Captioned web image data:
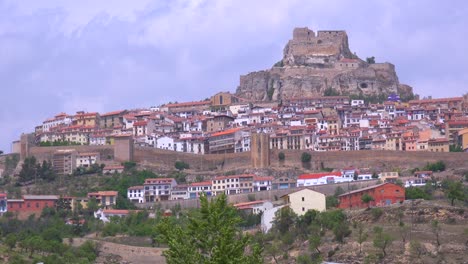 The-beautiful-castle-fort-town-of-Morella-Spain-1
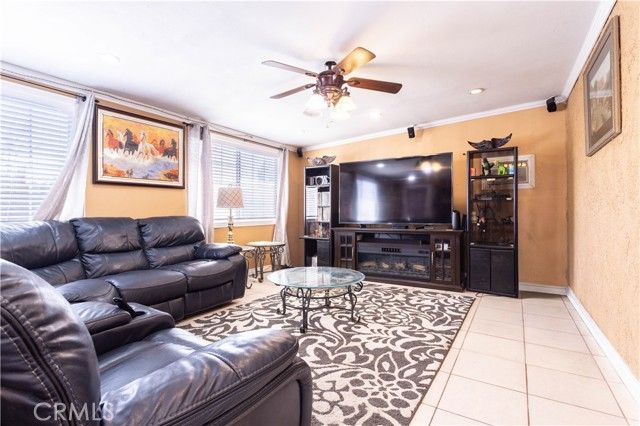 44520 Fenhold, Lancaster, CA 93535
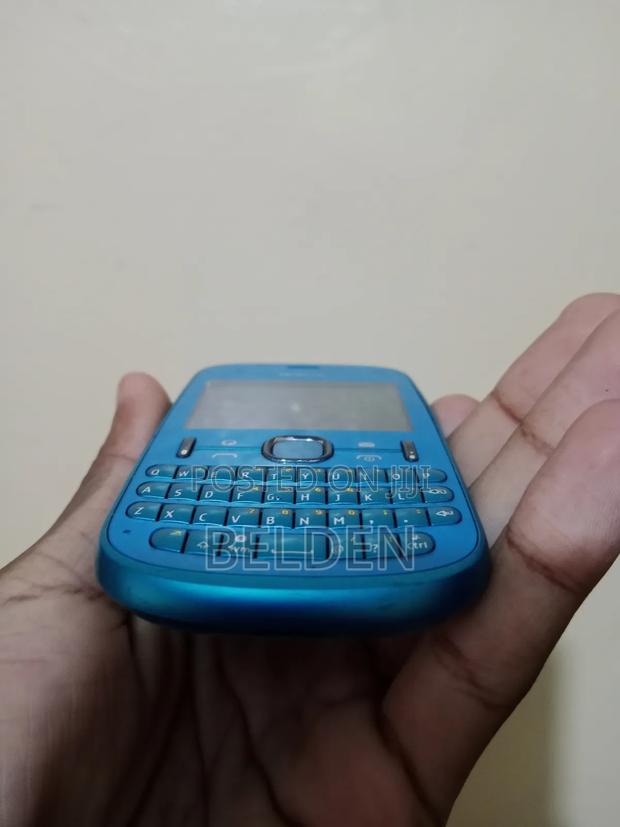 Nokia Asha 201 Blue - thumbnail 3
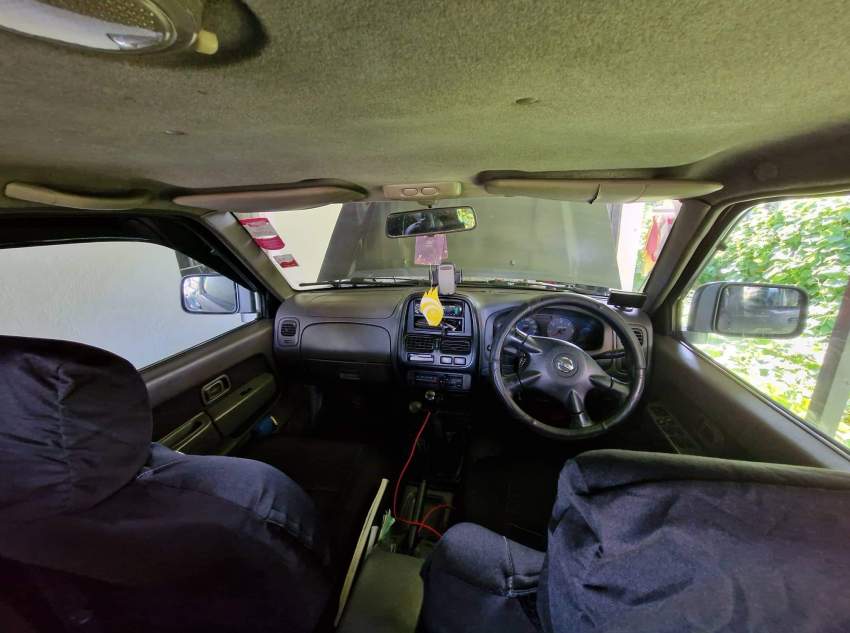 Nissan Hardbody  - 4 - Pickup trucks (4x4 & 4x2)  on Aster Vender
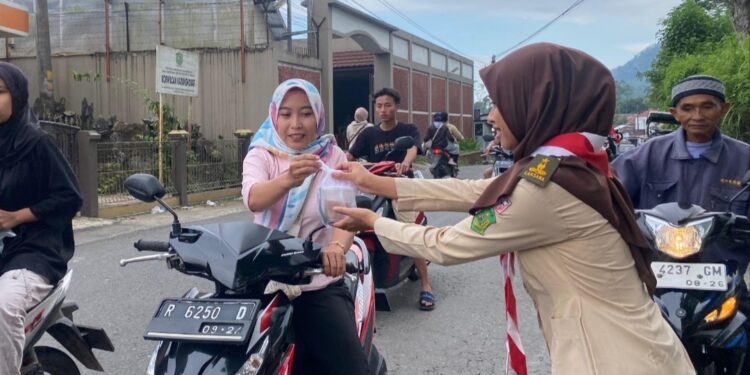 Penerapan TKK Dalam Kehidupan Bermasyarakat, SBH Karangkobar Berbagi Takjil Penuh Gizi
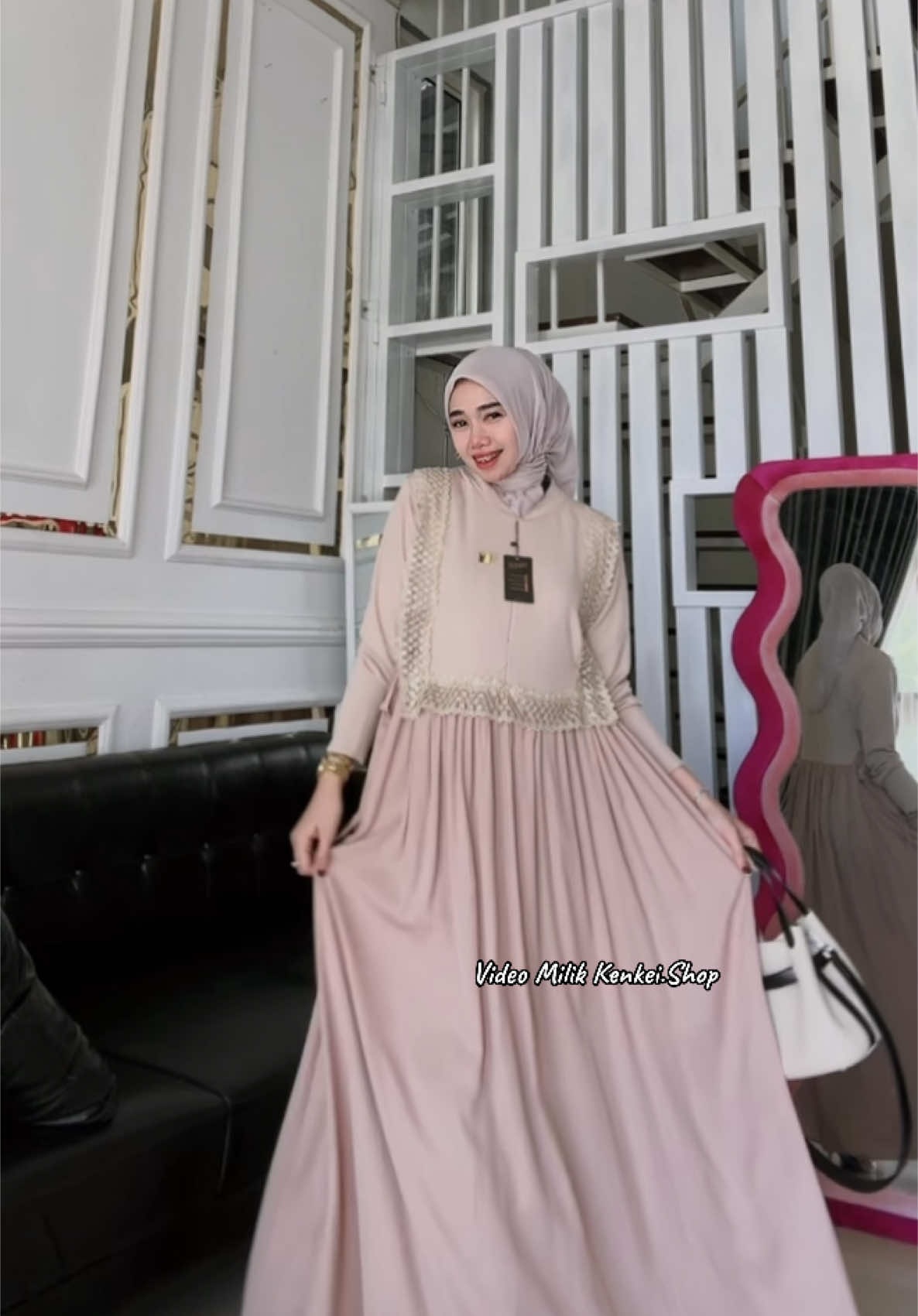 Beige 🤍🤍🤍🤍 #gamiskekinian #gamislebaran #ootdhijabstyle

What is needed
All of the records above are to be printed exactly, with every picture omitted.

Written reply
 The-beautiful-castle-fort-town-of-Morella-Spain-1
 44520 Fenhold, Lancaster, CA 93535
 Nokia Asha 201 Blue - thumbnail 3
 Nissan Hardbody  - 4 - Pickup trucks (4x4 & 4x2)  on Aster Vender
 Penerapan TKK Dalam Kehidupan Bermasyarakat, SBH Karangkobar Berbagi Takjil Penuh Gizi
 Beige 🤍🤍🤍🤍 #gamiskekinian #gamislebaran #ootdhijabstyle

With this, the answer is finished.